Essa foi a análise do secretário de Meio Ambiente e Desenvolvimento Econômico, Jaime Verruck, após o seminário “Indicadores de Vulnerabilidade à Mudança do Clima”, realizado na quarta-feira (30) pela Fundação Oswaldo Cruz (Fiocruz). Durante o evento foi apresentado o resultado da pesquisa “Vulnerabilidade à Mudança do Clima”, que foi uma iniciativa da Fiocruz em parceria com o Ministério do Meio Ambiente. De acordo com a pesquisa, em alguns municípios do estado, a temperatura poderá aumentar até 5,8°C no período de 2041 a 2070 e o Pantanal pode ser o bioma mais afetado por esta mudança.

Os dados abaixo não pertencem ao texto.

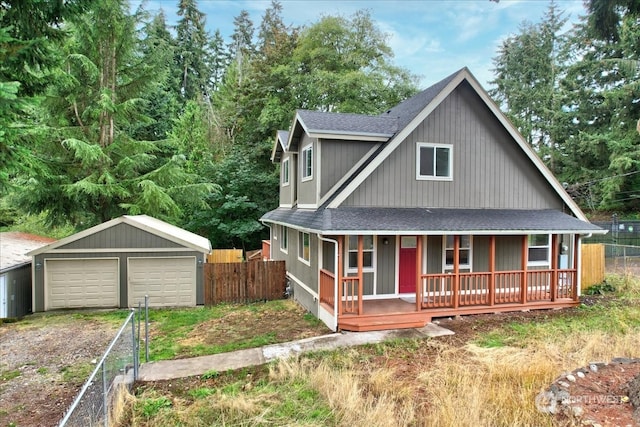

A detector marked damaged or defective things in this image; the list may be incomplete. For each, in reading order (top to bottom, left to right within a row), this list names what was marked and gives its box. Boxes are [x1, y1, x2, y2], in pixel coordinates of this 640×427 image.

detached two-car garage [30, 216, 210, 312]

Segundo a pesquisa, toda a Região Norte poderá apresentar aumento de até 5,8°C graus na temperatura e redução de até 19% no volume de chuvas nos próximos 25 anos. Em relação à temperatura máxima, o Alto Taquari deverá ser uma das regiões mais impactadas pela redução do volume de chuvas. Em Coxim e Rio Verde do Mato Grosso, por exemplo, a precipitação poderá diminuir 19,3%.
Defensor ferrenho, o coordenador do programa Cerrado-Pantanal da organização não-governamental WWF Brasil, Júlio César Sampaio pede a adoção imediata de ações para amenizar os efeitos das mudanças climáticas no Pantanal.
Sampaio explicou que o Pantanal como um bioma úmido depende fundamentalmente do ciclo hidrológico de cheia e seca para sua manutenção e que uma das principais ocorrências do processo de mudanças climáticas, o de períodos de estiagem mais longos e extremos, já é sentido em algumas regiões pantaneiras. “Em alguns municípios do Pantanal, a população já está percebendo que a seca está ficando mais longa e mais severa”, comentou.
Sampaio disse ainda, que esse processo que já está em curso e pode ser acelerado em razão da instalação de pequenas centrais hidrelétricas, as chamadas PCHs, ao longo da bacia pantaneira. “Se o quadro permanecer como está, se não forem adotadas políticas públicas para assegurar a preservação e recuperar a bacia, em 20 ou 30 anos o Pantanal poderá estar estrangulado”, concluiu.